Et d’ajouter : « Si le charançon rouge arrive au sud, la sécurité alimentaire économique et nationale est en jeu. L’unique région du globe terrestre qui est arrivée à l’éradiquer est la Californie. Elle est arrivée à atteindre cet objectif grâce à la collaboration de la société civile et des habitants. Les responsables de la Californie avec la société civile sont arrivés à établir un plan de communication efficace de guerre d’où cette réussite presque exceptionnelle ». Il est vrai que la Mauritanie a atteint également des résultats extraordinaires mais jusqu’à nouvel ordre elle n’a pas la certification officielle de l’Organisation des Nations unies pour l’alimentation et l’agriculture (FAO).

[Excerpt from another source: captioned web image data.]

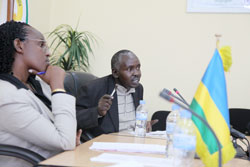 (L-R) Nkunda Laetitia DG of RLDSF together with Justine Gatsinzi the deputy DG social Protection during the meeting (Photo T.Kisambira)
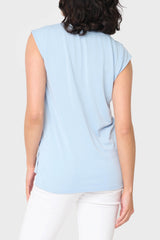 Back view of Woman modeling The Favorite Luxe Essentials V-Neck Tee in Light Sky Blue styled for summer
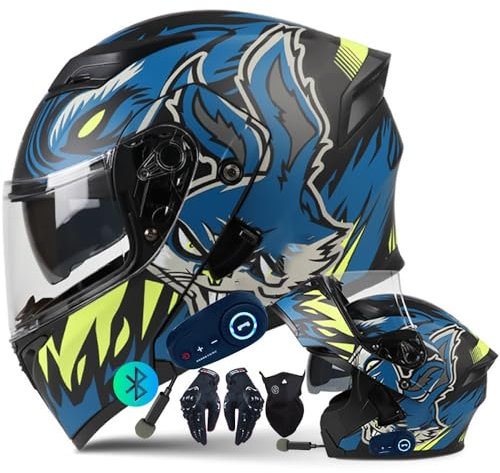 Bluetooth Casque Modulaire Moto,Modulable Casque Moto avec Double Visière Anti-buée pour Scooter,Casque Intégré Homologué ECE Mp3 pour Hommes et Femmes M~XXL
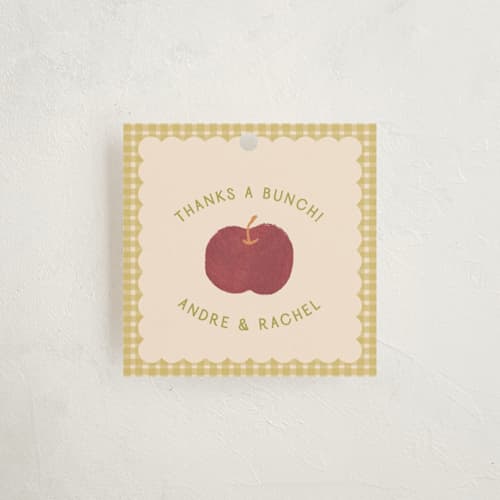 This is a blueberry baby shower favor tags with standard by Natalie Rae called apple orchard printing on signature in tag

Cet insecte a proliféré en Tunisie et est arrivé à s’acclimater et à se multiplier durant toute l’année. Alors qu’au début de son attaque (2011), il avait deux périodes de multiplication; au printemps et début de l’automne. La situation est très grave si on n’arrive pas à mettre en place un plan de communication exceptionnel pour l’éradiquer et faire de tous les Tunisiens des acteurs de lutte. C’est par une décision politique qu’on peut concrétiser ces recommandations.
Selon l’Organisation des Nations unies pour l’alimentation et l’agriculture (FAO), la situation actuelle en Tunisie consiste un vrai problème. Actuellement, le charançon rouge du palmier sévit dans le Grand-Tunis et les gouvernorats limitrophes et constitue un véritable danger pour les oasis. Si le ravageur n’est pas confiné et éradiqué, très vite, ses impacts économiques, sociaux et environnementaux seront considérables.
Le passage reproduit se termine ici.